En 1981, les Talking Heads sont en break. Ils viennent de triompher partout dans le monde avec leur sublime album Remain In Light, sorte de mélange d'afrobeat, de funk, de punk et de rock progressif. Aidé par le "magicien" Brian Eno pour la production, cet album de 1980 se veut comme l'une des pièces maitresses de la new wave. Après une tournée phénoménale, David Byrne décide de mettre le groupe en pause sous prétexte de vouloir commencer une carrière solo, qu'il a par ailleurs déjà entamée en cosignant le magistral My Life In The Bush Of Ghosts toujours avec Brian Eno. Chris et Tina s'en vont donc aux Bahamas pondre leur Tom Tom Club. Jerry se retrouve seul, au milieu de tout ce bazar, et décide lui aussi de ne pas en rester là. Ses efforts sont concrétisés dans l'écriture et la composition d'un très tortueux premier album solo. En écoutant The Red and The Black dans son ensemble, on se rend compte l'importance d'Harrison dans le son Talking Heads. Les morceaux, aux influences funk très marquées sont constitués d'une multitude de strates, de couches musicales construites d'un ensemble de percussions, d'arrangement superposés divers de synthétiseur et d'arpèges répétitifs de guitare. Tout ce qui constitue en fait le génie de l'album Remain In Light du groupe dans son intégralité. Mais qui, dés lors, pouvait s'en douter ?
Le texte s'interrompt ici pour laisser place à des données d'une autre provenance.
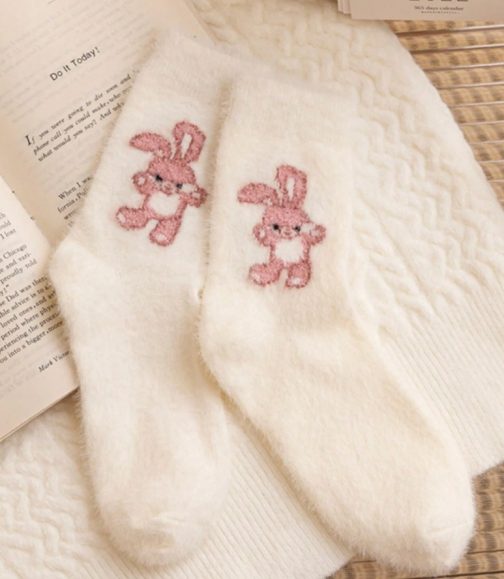 Calcetines pelito conejos - Imagen 3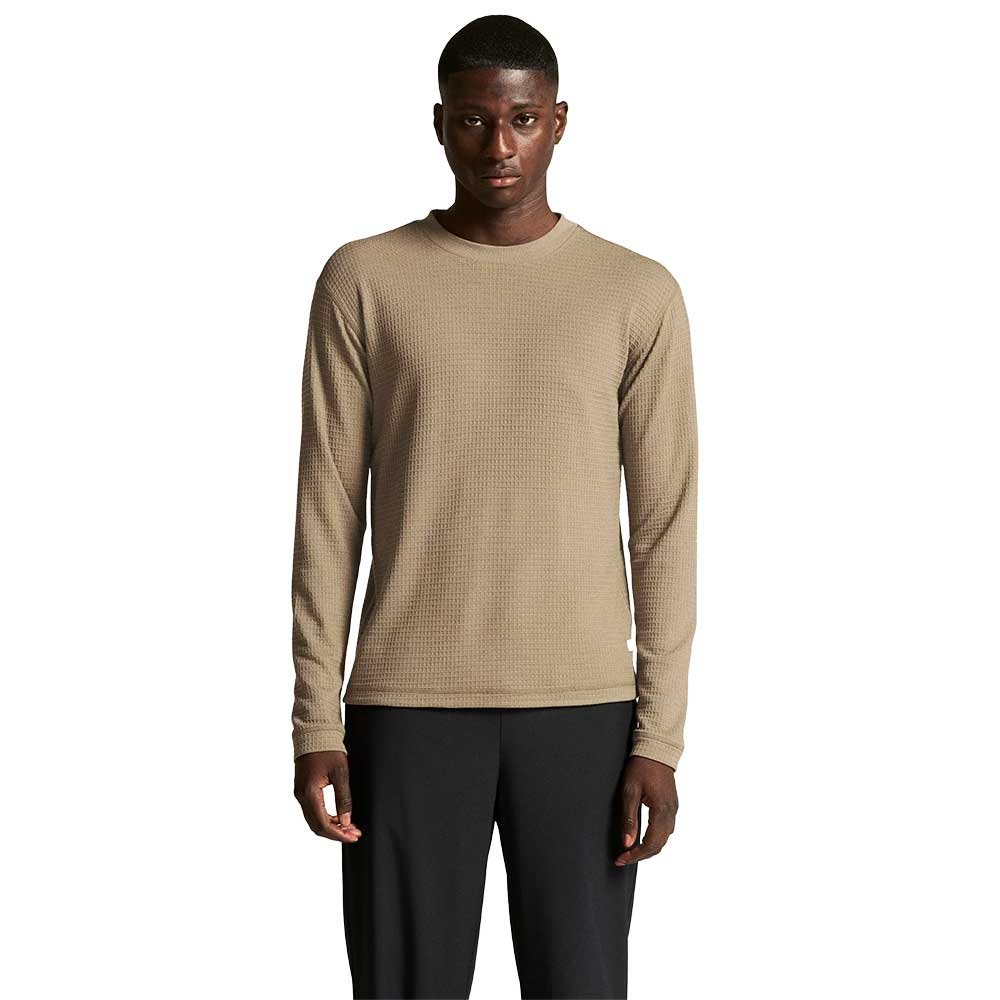 Men's Layers Wool Waffle - Taupe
Harrison est aidé dans la production de son album par un nombre important de musiciens divers tels que le génial Adrian Belew (guitariste et chanteur de King Crimson à partir de 1981), le clavier funky Bernie "Woo" Worell (ex clavier de Parliament-Funkadelic), le joyeux percussionniste Steve Scales ou encore le célèbre batteur de session new-yorkais, le feu Yogi Horton. Une sorte de super groupe assemblé pour la conception de cet opus solo, constitué en majeure partie de transfuges du groupe "étendu" que formait Talking Heads lors de la tournée 1980, le cœur du groupe étant amélioré de six musiciens supplémentaires. Cet album est donc le chainon manquant entre Remain In Light et Speaking In Tongues. Les morceaux passent du rock progressif poly-rythmique (avec des sons typiques King Crimson de la même période, merci Belew) tels que "Things Fall Apart", "The New Advenure" ou encore "No More Reruns" jusqu'aux grooves du funk profond et sombre à la fois de "Magic Hymnie". On ressent toute la fureur de Harrison dans "Worlds In Colision", un morceau tortueux et ténébreux, sorte de fusion entre la musique de Joy Division et celle de George Clinton dans lequel on retrouve même des samples d'Hitler...
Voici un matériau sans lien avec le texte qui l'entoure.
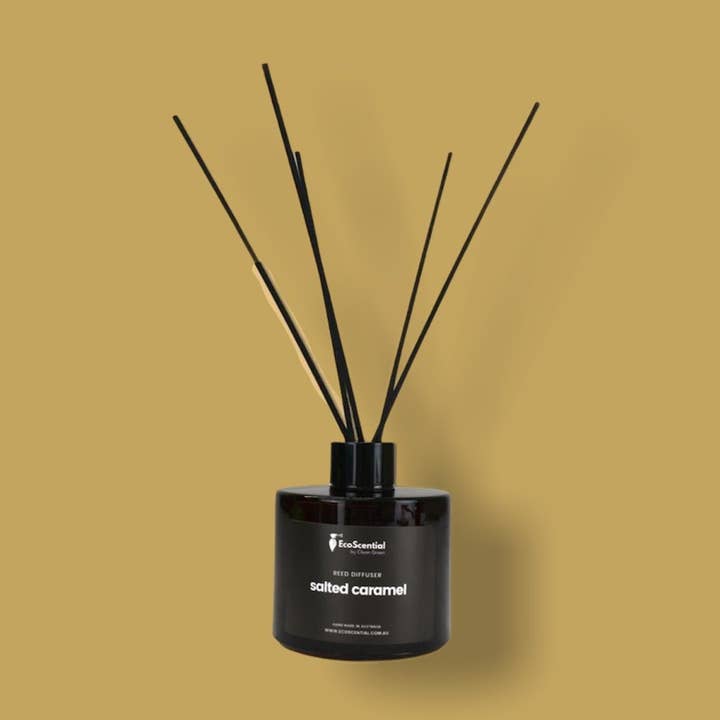Retro Large Salted Caramel Reed Diffuser for wholesale by Three Lifetimes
Au milieu de tout ça, on trouve également des choses plus pop comme "Slink" (qui sera joué par Talking Heads pendant la tournée de 1982) ou encore "No Questions/Fast Karma" qui évoque une version "brouillon" du futur hit "Burning Down The House". Le morceau qui ressort le plus de l'album serait "The Red Nights", une parenthèse quasi ambient qui évoque la face B de l'album Remain In Light, faisant échos aux sublimes "Listening Wind" ou "The Overload". L'album se termine sur les synthés de "No Warning, No Alarm", morceau puissant et dark qui termine brillamment ce premier album solo de Jerry Harrison.
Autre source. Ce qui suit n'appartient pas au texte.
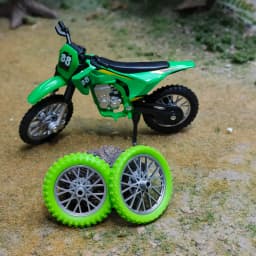 Simulation Off-Road Motorcycle Model Toy Alloy Metal Sliding Function Collectible Children's Gift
Au final, The Red and The Black nous en apprends bien plus que prévu. D'abord, qu'il ne faut pas sous estimer le génie créatif de Jerry Harrison, en solo tout comme en tant que membre de Talking Heads. Ensuite, que l'album constitue une étape décisive dans l'évolution sonore du célèbre quartet new-yorkais. Avec leurs "récréations", chaque membre du groupe fait évoluer le son vers de nouveaux horizons. Le successeur de la discographie du groupe, Speaking In Tongues sera un parti pris de mélanger une influence P-Funk avec quelque chose de beaucoup plus abordable et résolument pop. L'influence de Tom Tom Club sur ce prochain album n'en sera qu'en fait que plus dominante... En attendant, Harrison nous prouve avec cet album solo ci présent qu'il n'est pas en reste et constitue a lui seul une bonne partie du son Talking Heads. Plus tard dans la même décennie, Harrison se réessaiera à l'exercice de l'album solo, et ce à deux reprises : d'abord avec Casual Gods en 1988, puis avec Walk On Water en 1990. Ces deux derniers albums n'ont cependant rien a voir avec The Red and The Black et sont bien plus pop (et dispensable, surtout celui de 1990).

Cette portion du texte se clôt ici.